El mayor margen para la intensificación solía darse, no obstante, entre las sociedades agrarias. Por lo general, cuanto más intensificable sea la base agraria de un sistema redistributivo, tanto mayor es su potencial para dar origen a divisiones marcadas de rango, riqueza y poder. Pero antes de pasar a relatar cómo aquéllos que eran servidos por los mumis se convirtieron en siervos de los mumis, quiero intercalar una pausa para dar consideración a otro tema. Si la institución del mumi era positiva para la producción, ¿por qué había de serlo también para los mumis? ¿Qué impulsaba a la gente a no escatimar esfuerzos con tal de poder vanagloriarse de lo mucho que regalaban?

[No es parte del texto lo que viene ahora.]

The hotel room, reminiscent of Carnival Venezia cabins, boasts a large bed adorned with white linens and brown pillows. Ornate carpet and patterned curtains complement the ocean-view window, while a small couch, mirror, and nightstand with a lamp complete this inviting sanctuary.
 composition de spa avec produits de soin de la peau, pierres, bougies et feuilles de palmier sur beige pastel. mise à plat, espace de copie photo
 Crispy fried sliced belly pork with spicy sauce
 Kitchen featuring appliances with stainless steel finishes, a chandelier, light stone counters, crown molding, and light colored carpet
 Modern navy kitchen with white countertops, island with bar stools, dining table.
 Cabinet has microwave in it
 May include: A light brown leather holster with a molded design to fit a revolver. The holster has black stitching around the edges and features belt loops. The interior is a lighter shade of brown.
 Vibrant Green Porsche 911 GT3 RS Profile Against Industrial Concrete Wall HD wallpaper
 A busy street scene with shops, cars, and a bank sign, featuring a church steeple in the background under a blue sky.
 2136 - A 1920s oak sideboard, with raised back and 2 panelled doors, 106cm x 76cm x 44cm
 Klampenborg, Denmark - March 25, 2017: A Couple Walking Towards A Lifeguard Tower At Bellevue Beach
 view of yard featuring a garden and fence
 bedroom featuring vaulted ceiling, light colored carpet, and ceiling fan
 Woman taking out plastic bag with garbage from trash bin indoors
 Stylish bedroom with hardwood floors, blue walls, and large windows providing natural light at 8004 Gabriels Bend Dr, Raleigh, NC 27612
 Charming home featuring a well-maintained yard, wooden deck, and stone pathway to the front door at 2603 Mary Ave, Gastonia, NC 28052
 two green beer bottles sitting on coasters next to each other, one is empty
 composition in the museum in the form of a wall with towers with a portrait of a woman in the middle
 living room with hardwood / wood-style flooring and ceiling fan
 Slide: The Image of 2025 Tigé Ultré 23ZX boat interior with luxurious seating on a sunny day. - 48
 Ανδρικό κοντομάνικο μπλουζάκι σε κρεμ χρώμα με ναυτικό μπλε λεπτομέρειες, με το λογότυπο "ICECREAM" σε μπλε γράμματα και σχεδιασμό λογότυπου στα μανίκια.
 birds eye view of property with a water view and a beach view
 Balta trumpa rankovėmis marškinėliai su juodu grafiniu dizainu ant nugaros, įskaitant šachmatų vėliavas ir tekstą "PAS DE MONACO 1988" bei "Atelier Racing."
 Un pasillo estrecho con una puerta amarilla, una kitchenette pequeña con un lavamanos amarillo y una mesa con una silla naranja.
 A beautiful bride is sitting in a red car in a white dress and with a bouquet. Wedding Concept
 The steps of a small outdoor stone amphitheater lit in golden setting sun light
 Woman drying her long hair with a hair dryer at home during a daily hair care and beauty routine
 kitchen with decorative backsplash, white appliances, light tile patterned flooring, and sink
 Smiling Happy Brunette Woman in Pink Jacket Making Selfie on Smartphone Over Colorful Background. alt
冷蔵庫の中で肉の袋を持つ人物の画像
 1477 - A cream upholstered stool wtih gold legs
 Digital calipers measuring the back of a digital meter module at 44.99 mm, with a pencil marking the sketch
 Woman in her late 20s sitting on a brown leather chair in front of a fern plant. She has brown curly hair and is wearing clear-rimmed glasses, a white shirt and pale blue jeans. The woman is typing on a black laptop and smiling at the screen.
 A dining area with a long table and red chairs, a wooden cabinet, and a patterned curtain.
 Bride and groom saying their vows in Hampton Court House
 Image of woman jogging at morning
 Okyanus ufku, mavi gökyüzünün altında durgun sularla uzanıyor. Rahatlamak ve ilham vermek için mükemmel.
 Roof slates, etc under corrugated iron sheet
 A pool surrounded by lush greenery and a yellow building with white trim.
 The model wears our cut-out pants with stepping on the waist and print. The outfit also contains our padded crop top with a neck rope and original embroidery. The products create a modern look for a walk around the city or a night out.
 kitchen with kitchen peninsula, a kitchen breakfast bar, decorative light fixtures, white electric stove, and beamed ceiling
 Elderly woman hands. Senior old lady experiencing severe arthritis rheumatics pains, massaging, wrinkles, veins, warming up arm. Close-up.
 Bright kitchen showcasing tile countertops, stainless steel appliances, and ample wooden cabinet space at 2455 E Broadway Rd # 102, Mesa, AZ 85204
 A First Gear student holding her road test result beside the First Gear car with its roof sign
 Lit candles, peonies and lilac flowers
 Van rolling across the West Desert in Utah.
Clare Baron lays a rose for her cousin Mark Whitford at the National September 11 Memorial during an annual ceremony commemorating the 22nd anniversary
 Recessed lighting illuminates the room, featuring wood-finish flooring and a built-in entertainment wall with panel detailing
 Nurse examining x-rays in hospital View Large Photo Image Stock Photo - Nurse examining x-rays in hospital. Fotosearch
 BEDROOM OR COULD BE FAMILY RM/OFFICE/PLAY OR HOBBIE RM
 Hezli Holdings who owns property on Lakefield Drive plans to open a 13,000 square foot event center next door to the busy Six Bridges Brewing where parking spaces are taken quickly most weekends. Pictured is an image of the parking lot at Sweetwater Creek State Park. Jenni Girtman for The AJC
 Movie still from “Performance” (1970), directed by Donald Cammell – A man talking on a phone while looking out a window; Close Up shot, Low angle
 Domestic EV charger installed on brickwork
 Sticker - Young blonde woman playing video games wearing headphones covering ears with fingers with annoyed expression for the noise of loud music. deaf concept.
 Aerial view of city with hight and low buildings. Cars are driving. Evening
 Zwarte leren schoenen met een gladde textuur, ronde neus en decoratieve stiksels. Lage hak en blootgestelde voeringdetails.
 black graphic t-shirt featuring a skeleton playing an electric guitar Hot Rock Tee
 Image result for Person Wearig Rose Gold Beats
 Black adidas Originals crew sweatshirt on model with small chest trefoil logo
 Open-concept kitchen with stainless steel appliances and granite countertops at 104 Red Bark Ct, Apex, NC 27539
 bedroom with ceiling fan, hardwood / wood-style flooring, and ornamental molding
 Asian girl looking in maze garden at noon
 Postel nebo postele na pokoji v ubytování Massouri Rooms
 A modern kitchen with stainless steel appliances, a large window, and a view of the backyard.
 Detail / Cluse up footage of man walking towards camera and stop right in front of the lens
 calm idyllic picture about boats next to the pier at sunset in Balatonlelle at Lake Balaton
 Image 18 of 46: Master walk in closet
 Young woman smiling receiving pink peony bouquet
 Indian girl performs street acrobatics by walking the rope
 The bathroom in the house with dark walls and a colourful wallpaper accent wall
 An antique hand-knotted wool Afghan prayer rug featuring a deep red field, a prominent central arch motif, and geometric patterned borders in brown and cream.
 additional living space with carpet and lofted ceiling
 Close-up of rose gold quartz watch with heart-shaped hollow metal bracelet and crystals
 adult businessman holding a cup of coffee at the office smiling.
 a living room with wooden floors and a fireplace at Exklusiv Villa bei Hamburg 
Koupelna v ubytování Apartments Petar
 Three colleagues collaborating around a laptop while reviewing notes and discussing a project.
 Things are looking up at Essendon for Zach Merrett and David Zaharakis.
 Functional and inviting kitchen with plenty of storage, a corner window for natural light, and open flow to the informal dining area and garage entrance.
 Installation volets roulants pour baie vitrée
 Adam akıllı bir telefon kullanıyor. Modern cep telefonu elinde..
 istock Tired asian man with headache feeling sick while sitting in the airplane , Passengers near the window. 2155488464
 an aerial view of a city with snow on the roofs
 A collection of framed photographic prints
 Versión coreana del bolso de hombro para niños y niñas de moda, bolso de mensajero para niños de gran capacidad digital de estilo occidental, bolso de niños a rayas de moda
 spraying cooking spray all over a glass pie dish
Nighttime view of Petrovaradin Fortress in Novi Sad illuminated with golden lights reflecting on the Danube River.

¿Por qué ansiamos prestigio?

Antes planteé que tenemos una necesidad genética de amor, aprobación y apoyo emocional. Para obtener recompensas en la moneda del amor, nuestra especie limita las satisfacciones expresadas en las monedas de otras necesidades y otros impulsos. Ahora planteo que esta misma necesidad explica los ímprobos esfuerzos que hacen cabecillas y mumis por aumentar el bienestar general de los suyos. La sociedad no les paga con alimentos, sexo o un mayor número de comodidades físicas sino con aprobación, admiración y respeto; en suma, con prestigio.